The present invention relates to sonar devices generally, and more particularly, to a sonar listening device which amplifies acoustic signals non-electronically using fluidic technology.
Heretofore, most underwater listening devices have employed conventional piezoelectric, electrostrictive and magnetostrictive transducers. Some examples of piezoelectric materials are quartz, ammonium dihydrogen phosphate, and Rochelle salt. Electrostrictive materials include barium titanate and lead zirconate titanate. Both piezoelectric and electrostrictive materials develop an electrical charge when placed under pressure. Magnetostrictive materials alter the magnetic field which surrounds them when under pressure. These properties have been obtained using various ceramic materials which are easily molded into useful shapes. For this reason, it is very common for hydrophones to employ ceramic transducers. Other types of transducers useful in sonar applications include fiber optic hydrophones and thin-film polymers.
Generally, these types of hydrophones require some type of mechanical deformation in order to produce a useable electrical (or optical) signal.

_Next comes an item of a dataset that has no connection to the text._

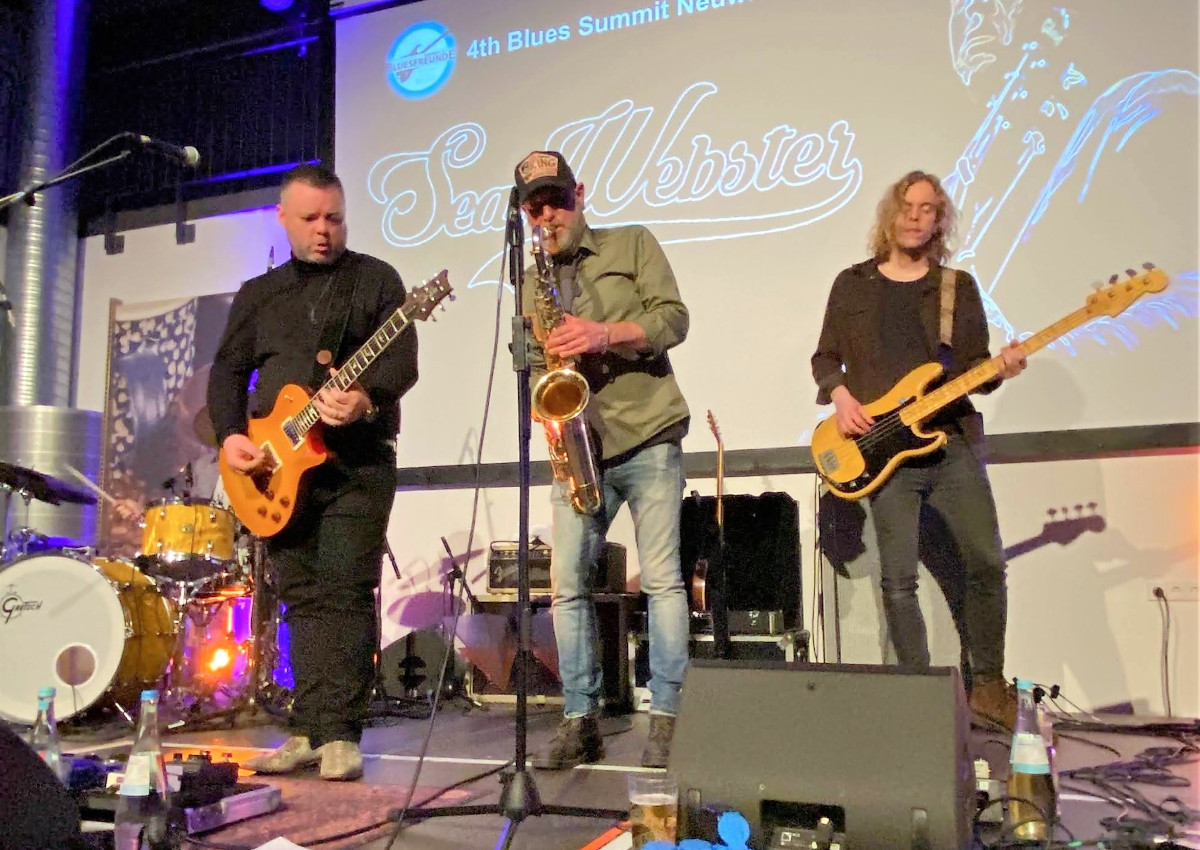 Bluesfreunde Neuwied freuen sich ber volles Haus beim 4. Blues Summit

This, in turn, limits their sensitivity. The typically weak signals which are generated must be electronically amplified and filtered before they can be analyzed, and the equipment necessary to accomplish these tasks is both expensive, bulky, and delicate. Furthermore, in the case of low frequency signals, large apertures or diaphragms are necessary, thereby causing increased drag and flow-noise when in use.

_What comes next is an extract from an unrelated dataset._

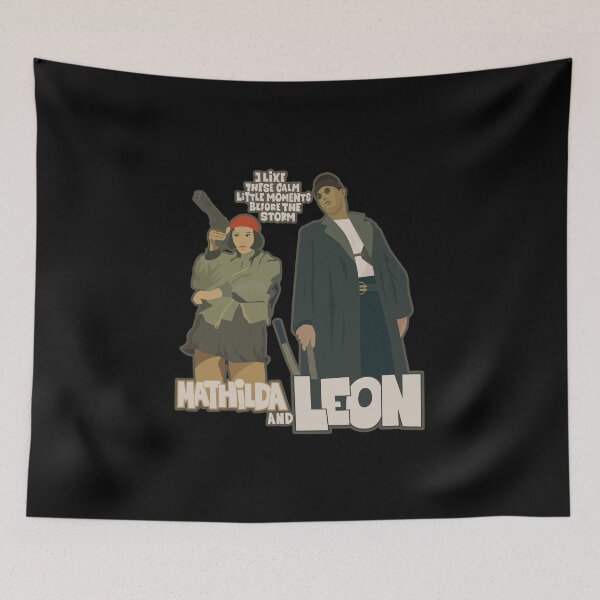 Item preview, Mathilda Léon Professional Tribute designed and sold by Boogosh.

Typical configurations for sonar sensors include the sono-buoy, the conformal array, permanently placed sensors such as SOSUS, and dipped or towed sonar. In any configuration it is desirable that the sonar listening device be sensitive, quiet, inexpensive, yet dependable. In the case of dipping sonar in particular, it is necessary that the sonar equipment be compact, as it must fit within a helicopter prior to deployment.